Records contained in a dataset
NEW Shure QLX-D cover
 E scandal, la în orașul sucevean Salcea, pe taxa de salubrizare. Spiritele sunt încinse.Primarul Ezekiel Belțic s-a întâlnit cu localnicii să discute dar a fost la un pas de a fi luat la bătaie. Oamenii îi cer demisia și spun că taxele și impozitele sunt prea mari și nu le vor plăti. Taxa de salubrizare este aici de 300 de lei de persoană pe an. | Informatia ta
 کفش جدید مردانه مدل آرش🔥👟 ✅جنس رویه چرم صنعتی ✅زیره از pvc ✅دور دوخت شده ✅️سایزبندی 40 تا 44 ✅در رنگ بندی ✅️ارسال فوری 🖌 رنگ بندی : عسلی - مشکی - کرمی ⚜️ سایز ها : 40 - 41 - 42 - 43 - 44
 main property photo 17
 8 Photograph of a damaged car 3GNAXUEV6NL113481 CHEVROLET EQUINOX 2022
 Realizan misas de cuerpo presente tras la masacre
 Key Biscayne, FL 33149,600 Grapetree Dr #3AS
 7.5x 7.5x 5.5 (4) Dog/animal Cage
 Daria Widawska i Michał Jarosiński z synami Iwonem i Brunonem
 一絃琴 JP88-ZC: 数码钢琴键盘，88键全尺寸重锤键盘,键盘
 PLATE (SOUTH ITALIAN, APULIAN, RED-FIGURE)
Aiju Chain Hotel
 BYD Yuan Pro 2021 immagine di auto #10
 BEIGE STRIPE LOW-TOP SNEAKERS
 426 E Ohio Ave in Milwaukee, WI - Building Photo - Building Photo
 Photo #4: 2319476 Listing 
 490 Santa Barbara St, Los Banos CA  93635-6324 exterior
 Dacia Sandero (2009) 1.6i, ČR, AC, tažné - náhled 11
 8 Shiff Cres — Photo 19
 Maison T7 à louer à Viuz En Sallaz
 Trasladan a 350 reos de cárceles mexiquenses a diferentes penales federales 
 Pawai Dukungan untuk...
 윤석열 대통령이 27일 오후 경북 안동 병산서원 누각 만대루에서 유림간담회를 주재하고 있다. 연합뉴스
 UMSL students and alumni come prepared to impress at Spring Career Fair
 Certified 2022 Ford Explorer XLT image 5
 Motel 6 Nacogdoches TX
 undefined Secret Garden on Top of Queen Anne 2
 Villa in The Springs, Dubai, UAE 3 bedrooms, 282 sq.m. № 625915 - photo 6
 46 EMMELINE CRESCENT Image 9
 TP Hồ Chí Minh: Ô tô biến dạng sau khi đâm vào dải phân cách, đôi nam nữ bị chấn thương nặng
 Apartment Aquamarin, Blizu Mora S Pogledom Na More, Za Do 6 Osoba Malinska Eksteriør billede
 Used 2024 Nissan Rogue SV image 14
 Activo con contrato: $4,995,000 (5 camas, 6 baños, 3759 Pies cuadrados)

Your task
Print again the lines of the entries above that fall between the line holding "Villa in The" and the line holding "Used 2024 Nissan Rogue SV image 14", inclusive, exactly as they stand.

Answer section
 Villa in The Springs, Dubai, UAE 3 bedrooms, 282 sq.m. № 625915 - photo 6
 46 EMMELINE CRESCENT Image 9
 TP Hồ Chí Minh: Ô tô biến dạng sau khi đâm vào dải phân cách, đôi nam nữ bị chấn thương nặng
 Apartment Aquamarin, Blizu Mora S Pogledom Na More, Za Do 6 Osoba Malinska Eksteriør billede
 Used 2024 Nissan Rogue SV image 14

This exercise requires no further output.